Tags: rag knowledge-graph graph-traversal entity-linking neo4j sparql cypher explainability multi-hop
Regulatory Relevance: EU AI Act Article 13 (Explainability via graph reasoning paths), ISO/IEC 42001 Section 8.4, APRA CPG 234 (explainable AI in regulated decisions)
1. Executive Summary
Graph RAG combines vector-based semantic retrieval with structured knowledge graph traversal to answer complex, relationship-heavy questions with explainable reasoning paths. Where standard vector RAG retrieves semantically similar text passages, Graph RAG traverses explicit entity relationships to assemble contextual evidence — enabling answers to questions like "Which clinical trials reference the same molecular pathway as Drug X, and which of our researchers have published on that pathway?" that require following chains of typed relationships across a knowledge graph.
For enterprise leaders, the key differentiator of Graph RAG is not just retrieval breadth but explainability: every answer can be traced through a graph traversal path that names the entities and relationships used, providing the kind of structured reasoning chain that regulators, auditors, and domain experts can inspect and validate. In regulated industries where AI decisions must be explainable, a graph reasoning path ("Drug X → inhibits → Pathway Y → implicated_in → Disease Z → treated_by → Drug A") is far more auditable than "these five text passages were retrieved and the LLM generated this answer." Graph RAG represents the frontier of enterprise AI knowledge infrastructure — requiring significant investment in knowledge graph construction and maintenance, but delivering retrieval quality and explainability that vector-only approaches cannot match.
2. Problem Statement
Business Problem
Multi-hop relational queries — questions that require following chains of relationships between entities — cannot be answered by vector similarity search because the relevant documents may not be semantically similar to the query; they are structurally connected through a chain of relationships. An insurance underwriter asking "Which of our policyholders have risk factors associated with the newly classified Category 3 flood zone announced this week?" needs entity-level reasoning: flood zone classification → properties in zone → policies covering those properties → policyholders — a chain of four typed relationships across four entity types.
Technical Problem
Vector embeddings encode semantic similarity, not relational structure. A vector search cannot traverse relationships. Graph databases excel at relationship traversal but cannot perform semantic similarity search. Neither approach in isolation can answer relationship-heavy questions efficiently.
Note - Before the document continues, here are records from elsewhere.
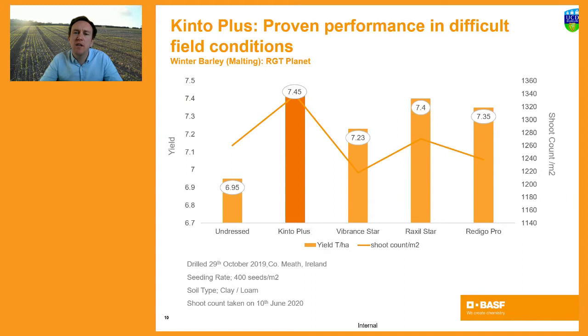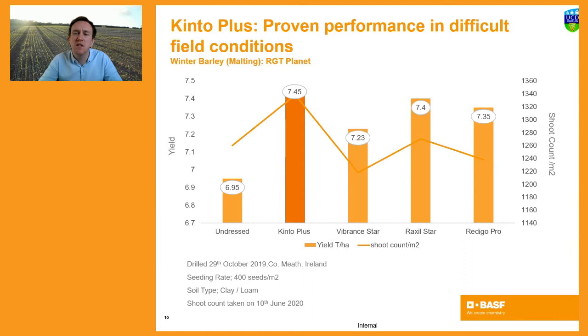Going back to the difficult autumn of 2019, this time looking at barley — the malting crop RGT Planet drilled in the autumn. It's worth noting that Kinto Plus is cleared across all winter cereals and has a label for use on malting barley crops. With barley, yield is determined by shoot number per square metre, and what we saw with Kinto Plus was a very satisfactory level of performance in delivering shoot count, which ultimately transferred into yield. The only significant difference was against the untreated.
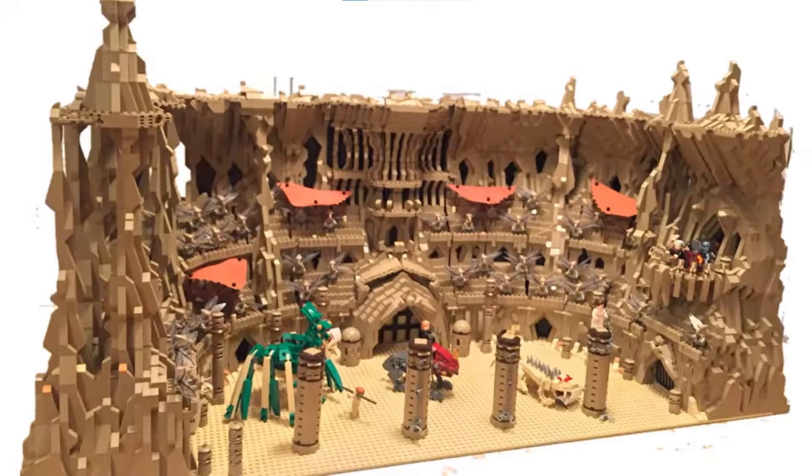Hello, it's me, the LEGO Dude, and in today's video I'll be talking about the LEGO Star Wars Geonosis Arena, which is rumored to be coming out in summer of 2022.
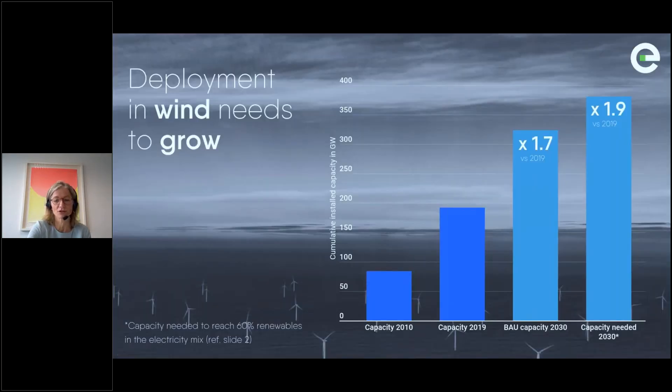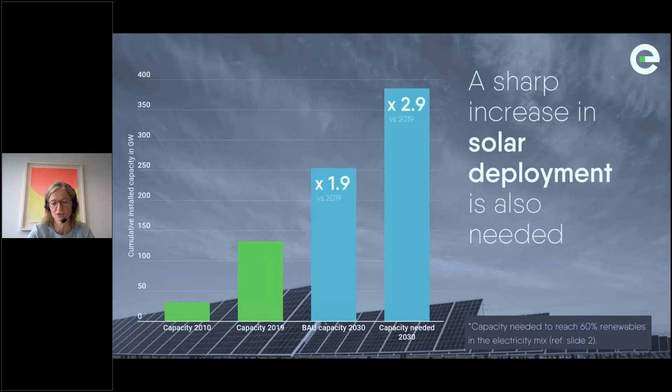Already with the current targets, wind capacity in 2030 would mean roughly doubling the 2019 capacity, and for solar we would expect a tripling of current deployment. This means the major increase comes from variable sources. The large change in generation mix — with wind and solar replacing thermal generation — has implications for both system stability and secure power supply. Stabilizing services from thermal generators must be replaced, and the lack of firmness of wind and solar generation must be compensated on timescales from milliseconds to hours, days, and up to seasons and years.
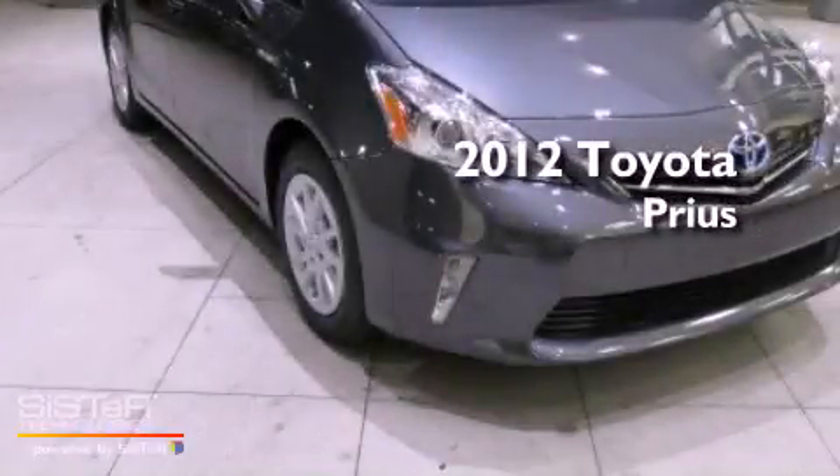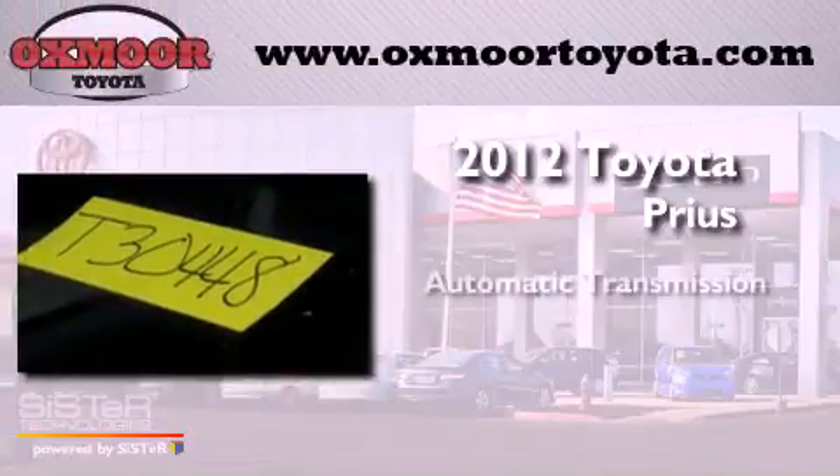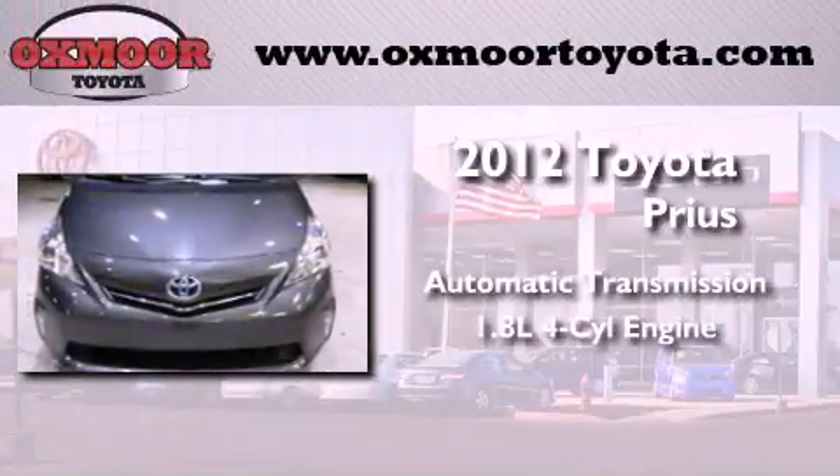This is a brand new 2012 Toyota Prius. This four-door sedan has an automatic transmission and an inline four-cylinder engine.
A hybrid architecture that applies each approach to what it does best — semantic retrieval for passage-level context, graph traversal for relationship-level reasoning — is required.
Symptoms
- RAG system cannot answer questions about relationships between entities even though those relationships are documented in the corpus
- Users who need to trace reasoning paths (auditors, regulators, compliance officers) cannot follow the basis of an AI-generated answer
- Complex multi-entity queries require users to manually construct the relationship chain across multiple searches
- Standard RAG retrieves many topically relevant but structurally irrelevant documents, forcing the LLM to reason about relationships that should have been traversed at the retrieval layer
Cost of Inaction
- Inability to automate complex relational knowledge work (supply chain analysis, clinical trial matching, regulatory impact analysis)
- Auditors and regulators cannot accept AI-generated answers without explainable reasoning paths — Graph RAG is often the only approach that satisfies explainability requirements
- Missed enterprise intelligence: relationships between entities across the knowledge corpus remain unqueryable by AI
3. Context
When to Apply
- Knowledge domains with rich, well-defined entity relationships (biomedical, legal, financial, supply chain)
- Use cases requiring explainable reasoning paths as a regulatory or governance requirement
- Multi-hop queries where the answer requires traversing 2–5 entity relationship hops
- Organisations with existing knowledge graph infrastructure (Neo4j, Amazon Neptune, Azure Cosmos DB Gremlin) that can be extended for RAG
- Domains where entity-level precision is more important than document-level recall
When NOT to Apply
- Knowledge domains with no significant entity relationship structure (narrative documents without named entities)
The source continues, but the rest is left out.